Make sure the pod is running. This can be done by running kubectl get pod -n kube-system. Note that depending on your installation method of metrics-server, it may also be located in a different namespace, such as metrics-server.

❯ kubectl get pods -n kube-system | grep metrics-server
metrics-server-5b8644d458-ml9fv                  1/1     Running   0          4m48s

If you find that the metrics server pod is not running, you can investigate the cause of this. A common occurance when the metrics-server pod is restarted or briefly unavailable could be a cluster upgrade on AME Kubernetes. In this case the situation should automatically resolve itself.

If the metrics-server pod is running, examine logs to find causes. This can be done through kubectl logs.

kubectl logs -n kube-system <metrics-server-pod-name>

Look for any error messages that might indicate why the metrics server is unable to provide metrics. You may experience an error when doing this if the Kubernetes node on which this metrics-server pod is running has become unavailable.

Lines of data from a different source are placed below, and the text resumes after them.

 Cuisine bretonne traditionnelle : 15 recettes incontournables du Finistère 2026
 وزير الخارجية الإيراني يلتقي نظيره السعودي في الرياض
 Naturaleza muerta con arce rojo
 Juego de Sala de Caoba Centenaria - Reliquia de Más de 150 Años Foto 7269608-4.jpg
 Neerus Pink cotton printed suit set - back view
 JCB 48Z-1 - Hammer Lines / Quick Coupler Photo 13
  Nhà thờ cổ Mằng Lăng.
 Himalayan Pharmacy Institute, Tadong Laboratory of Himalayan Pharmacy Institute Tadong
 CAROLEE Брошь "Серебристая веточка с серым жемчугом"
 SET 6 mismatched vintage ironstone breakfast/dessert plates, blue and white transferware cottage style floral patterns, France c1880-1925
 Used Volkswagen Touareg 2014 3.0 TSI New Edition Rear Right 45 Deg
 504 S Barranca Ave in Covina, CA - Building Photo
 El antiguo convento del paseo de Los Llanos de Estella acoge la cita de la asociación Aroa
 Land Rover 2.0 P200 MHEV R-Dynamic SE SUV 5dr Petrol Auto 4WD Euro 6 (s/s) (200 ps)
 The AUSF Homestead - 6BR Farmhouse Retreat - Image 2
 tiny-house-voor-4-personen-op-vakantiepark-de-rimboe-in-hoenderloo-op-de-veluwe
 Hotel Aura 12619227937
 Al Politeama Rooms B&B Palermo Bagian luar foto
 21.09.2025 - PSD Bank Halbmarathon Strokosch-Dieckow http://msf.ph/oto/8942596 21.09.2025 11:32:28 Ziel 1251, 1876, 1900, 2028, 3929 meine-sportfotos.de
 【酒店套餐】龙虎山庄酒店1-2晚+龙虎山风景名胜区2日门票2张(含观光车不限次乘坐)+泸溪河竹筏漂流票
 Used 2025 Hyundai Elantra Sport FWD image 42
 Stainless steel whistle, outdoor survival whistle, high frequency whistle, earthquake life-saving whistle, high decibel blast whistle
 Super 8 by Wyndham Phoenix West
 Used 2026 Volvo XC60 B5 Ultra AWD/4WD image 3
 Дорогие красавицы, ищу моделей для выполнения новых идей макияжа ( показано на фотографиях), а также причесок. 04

Check the connectivity between the metrics server and the Kubernetes API server:

kubectl get --raw /apis/metrics.k8s.io/v1beta1/nodes

If this command returns an error, there may be a network connectivity issue that is preventing the metrics server from accessing the Kubernetes API server.

Remediation

CrashLoopBackOff

  • When using network policies in the pod’s namespace, make sure a network policy is in place to allow connectivity to the kubelet ports for each node, as well as the Kubernetes API Server.
  • Check for a mistake in the flags provider to the metrics-server. If do not install your metrics-server own deployment this should be done by your cluster provider.

See also our pod crashloopbackoff runbook

Once the issue has been resolved, retry the kubectl top command to ensure that resource usage metrics are now available.